* Required work:
From the line containing "کتاب فرهنگ نام های ایرانی اثر محمد عباسی" to the last line of the data, both included, transcribe each line exactly, leaving out pictures and adding nothing.

Short web captions:
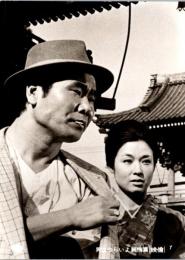 10469■映画　スチール写真 ■男はつらいよ　渥美清・倍賞千恵子・吉永小百合　光本 幸子　浅丘ルリ子　竹下景子　栗原小巻　桜田淳子　松坂慶子　後藤久美子 15.5cm×11cm　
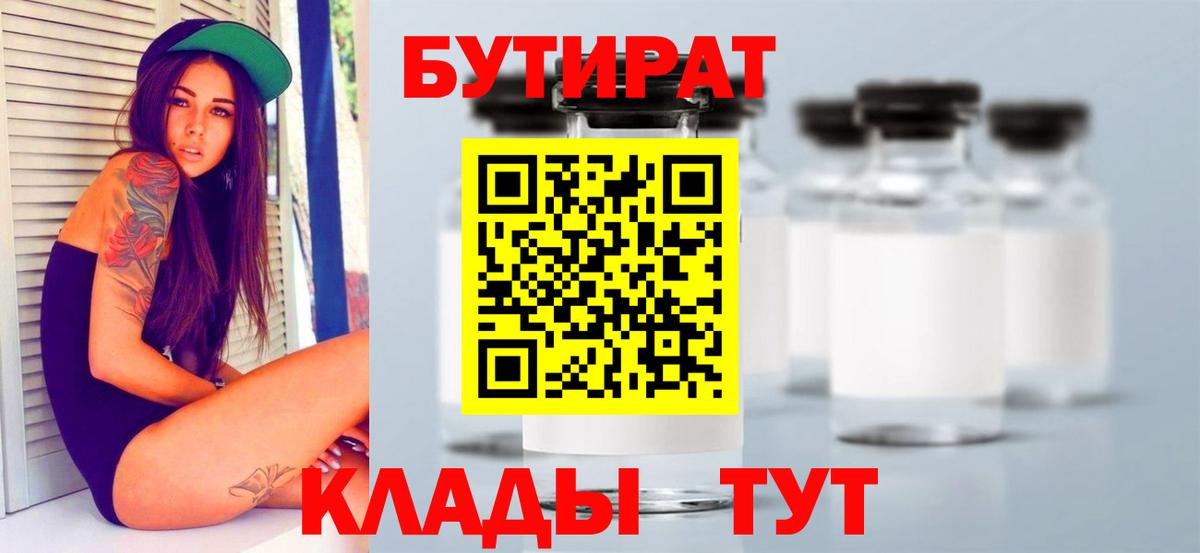 Сосновоборск  Бутират оксана  Вход с VPN 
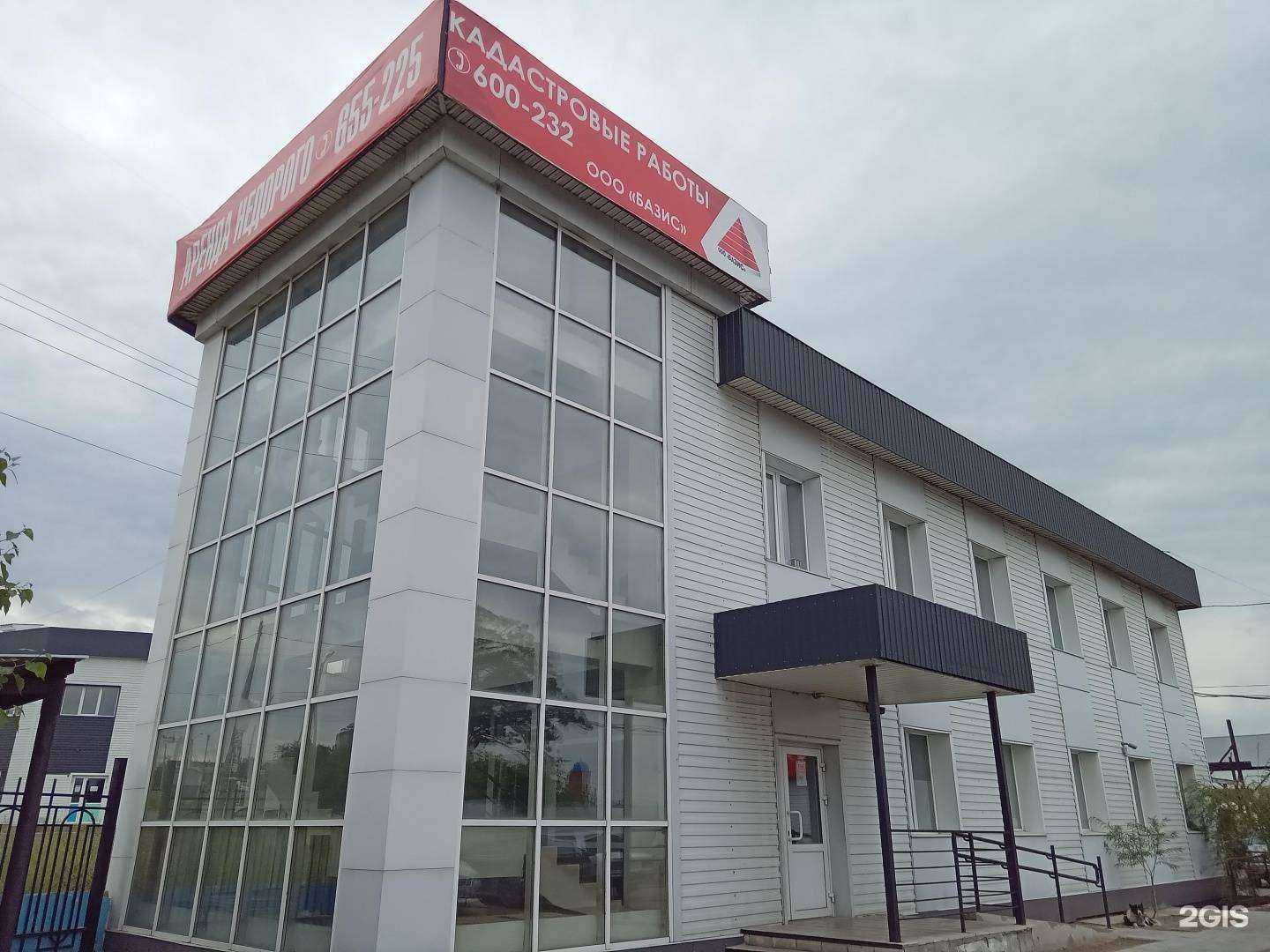 Отзывы на компанию АкваТерм в Улан-Удэ c фото - фотография 2 из 2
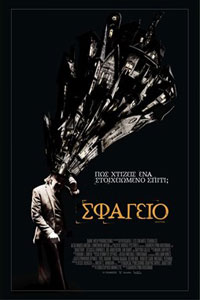 Αφίσα της ταινίας Σφαγείο (Abattoir)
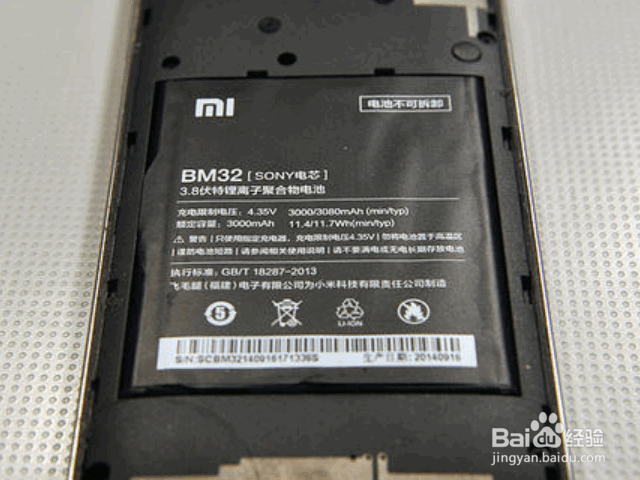 保养手机电池的方法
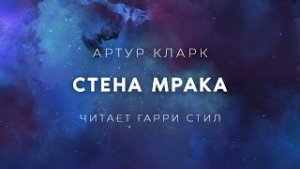 Артур Кларк - Стена Мрака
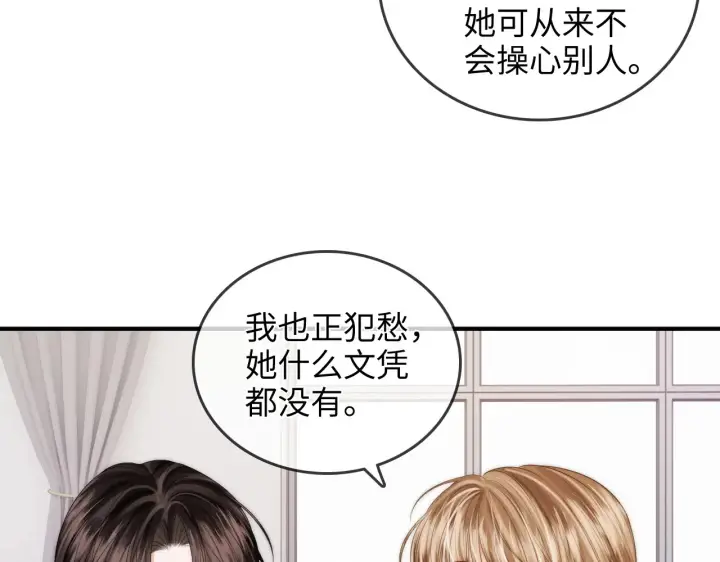 漫画《帮我拍拍》第28话  关心第91张图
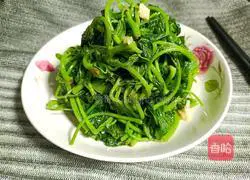 Vinegar Illustration of how to make Liu Tiao Jian 8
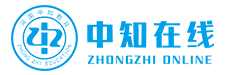 中知在线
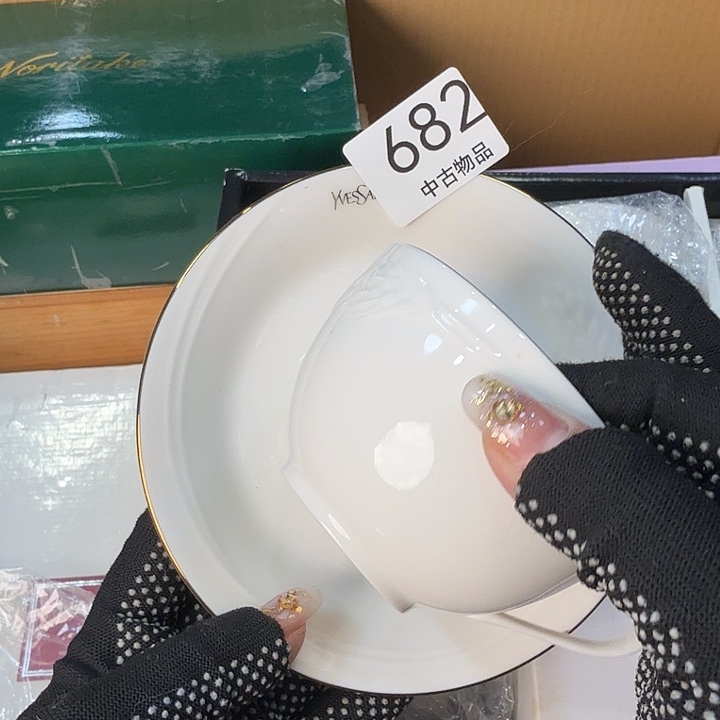 柒喜美瓷 拒绝假货五杯五碟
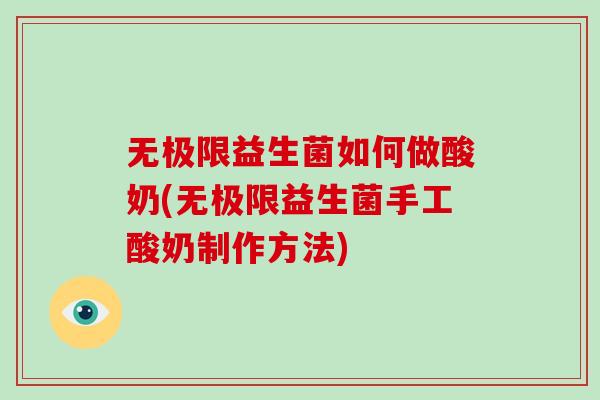无极限益生菌如何做酸奶(无极限益生菌手工酸奶制作方法)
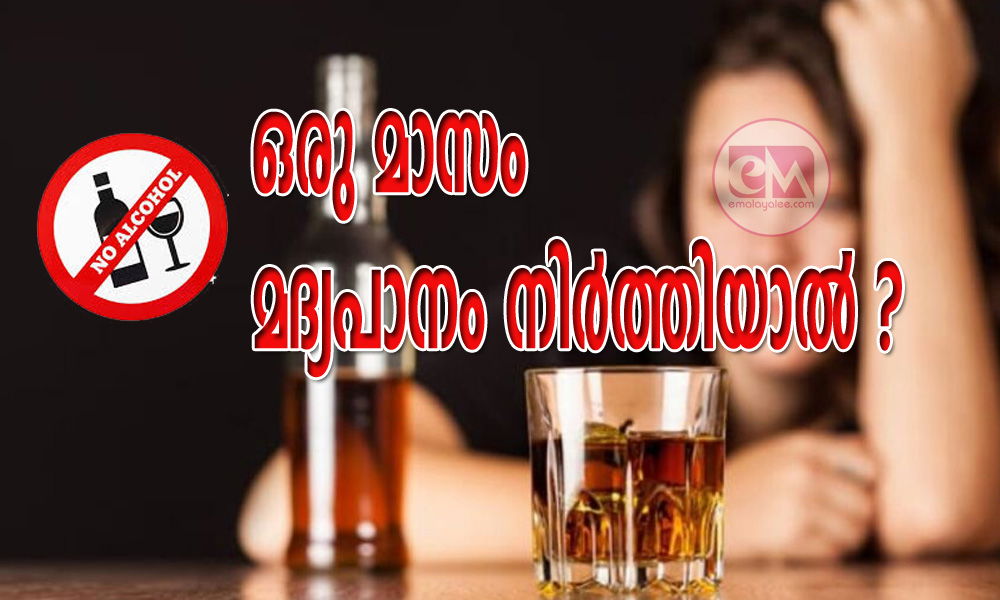 ഒരു മാസം മദ്യപാനം നിർത്തിയാൽ ?
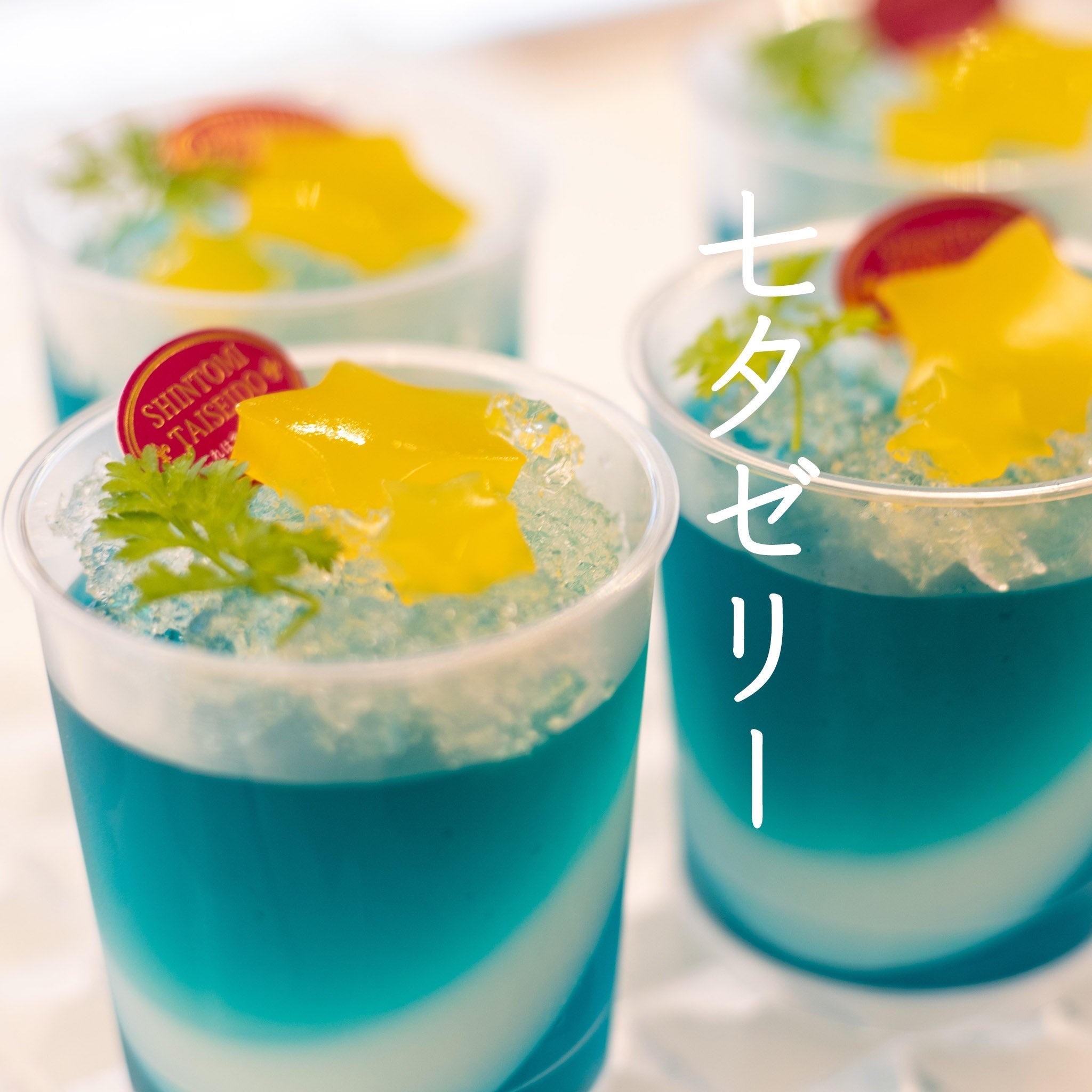 七夕ジュース＆パフェ＆ゼリー 七夕ゼリー7/1〜7/7まで販売 – 株式会社新富大生堂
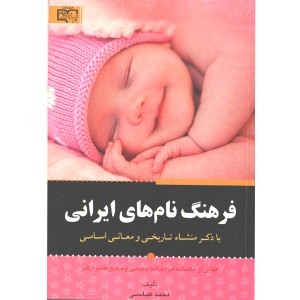کتاب فرهنگ نام های ایرانی اثر محمد عباسی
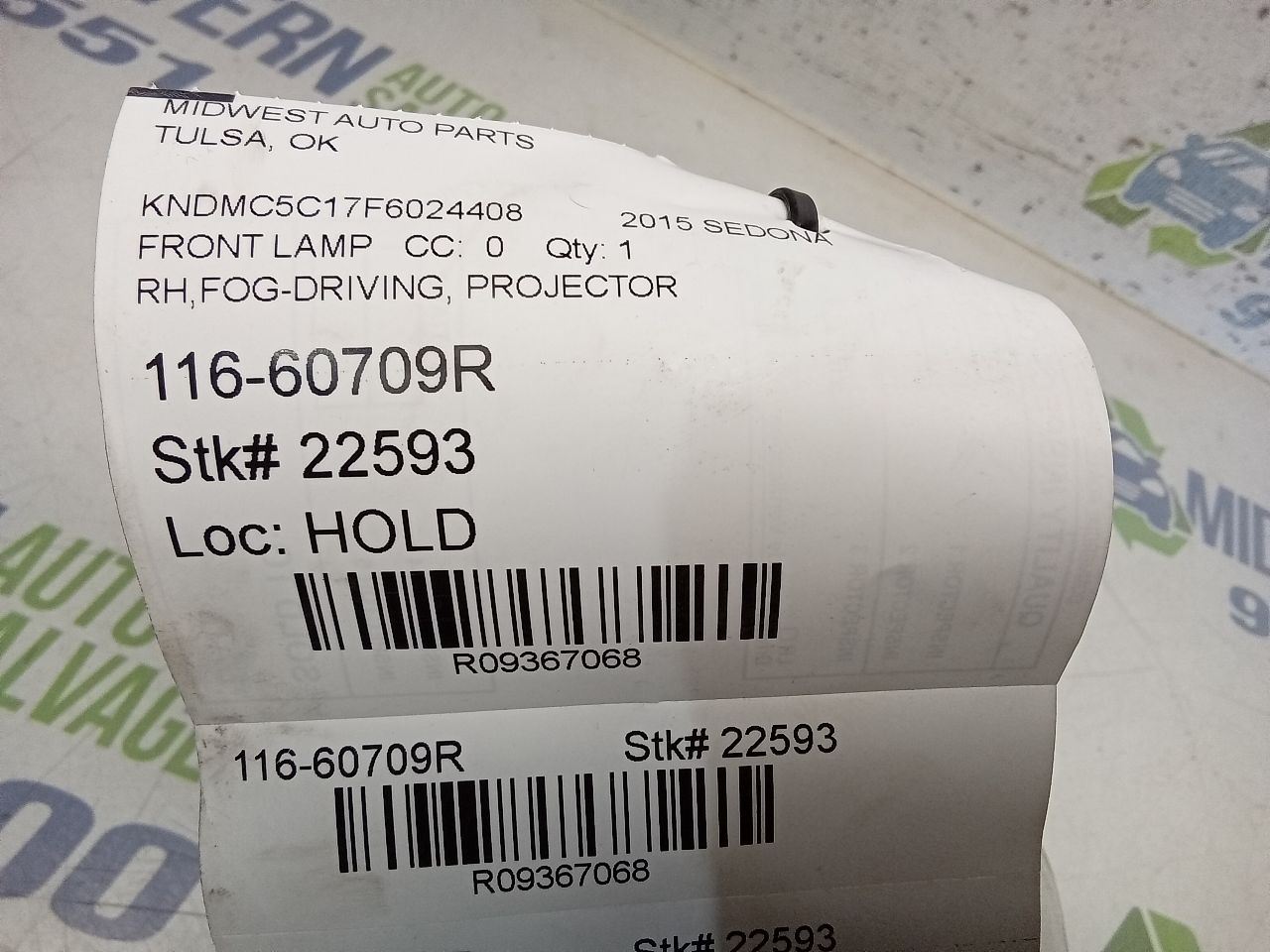 https://f005.backblazeb2.com/file/img-partshotlines-com/Inventory/EX878/Inventory/9367068_05.jpg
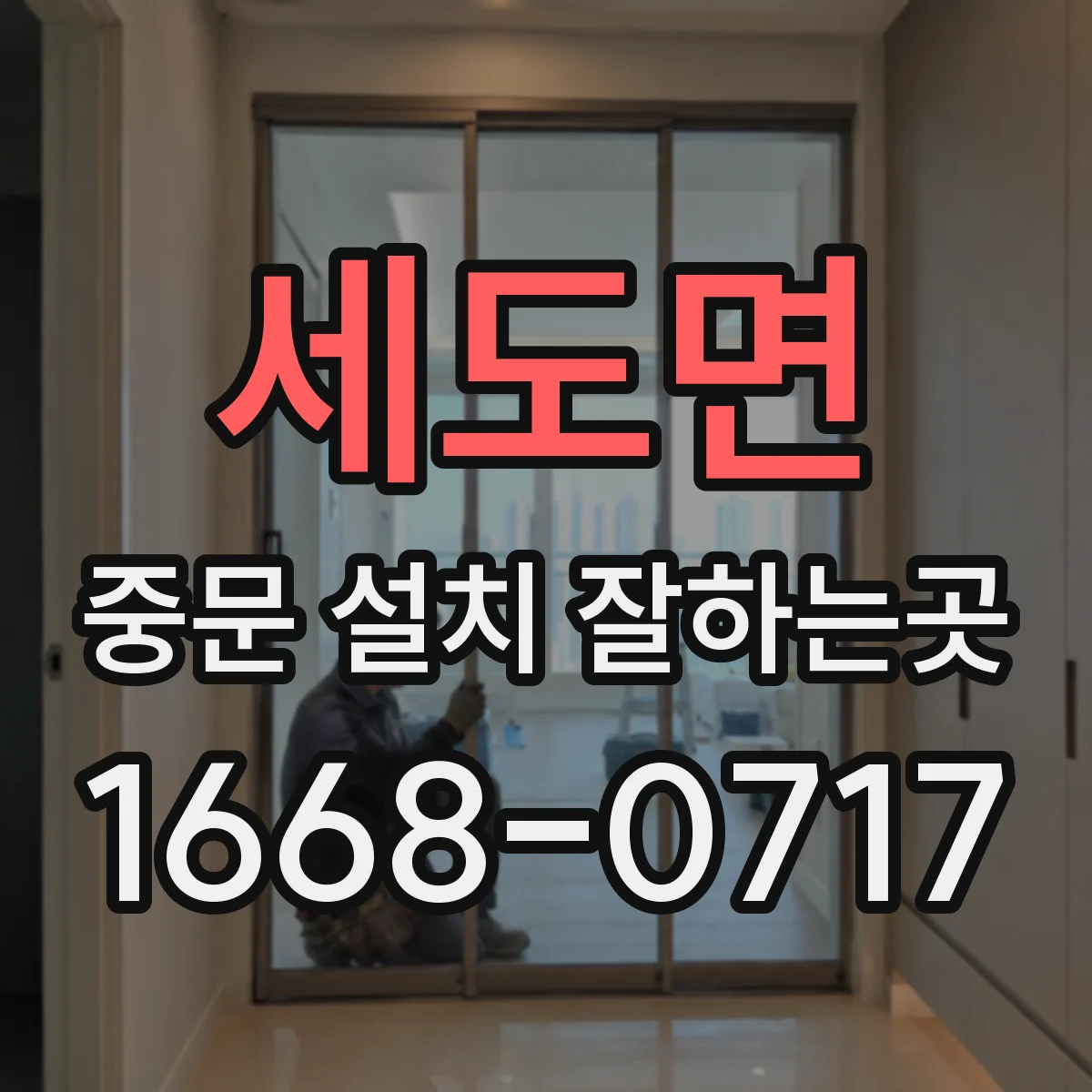 세도면 중문 설치 잘하는곳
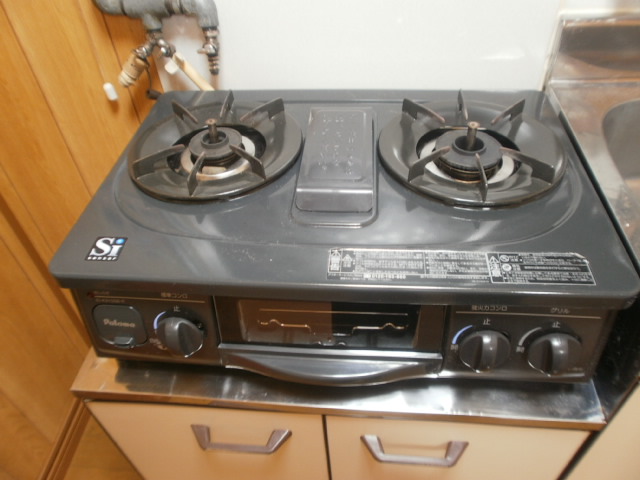 Other Equipment. Gas stove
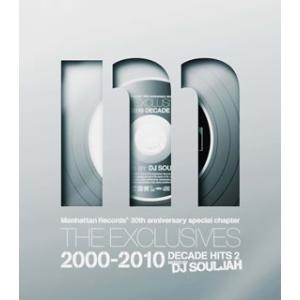 [国内盤CD][新品]Manhattan Records(R) 30th anniversary s...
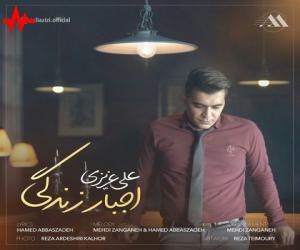 علی عزیزی اجبار زندگی، دانلود آهنگ جدید علی عزیزی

* Worked solution:
کتاب فرهنگ نام های ایرانی اثر محمد عباسی
 https://f005.backblazeb2.com/file/img-partshotlines-com/Inventory/EX878/Inventory/9367068_05.jpg
 세도면 중문 설치 잘하는곳
 Other Equipment. Gas stove
 [国内盤CD][新品]Manhattan Records(R) 30th anniversary s...
 علی عزیزی اجبار زندگی، دانلود آهنگ جدید علی عزیزی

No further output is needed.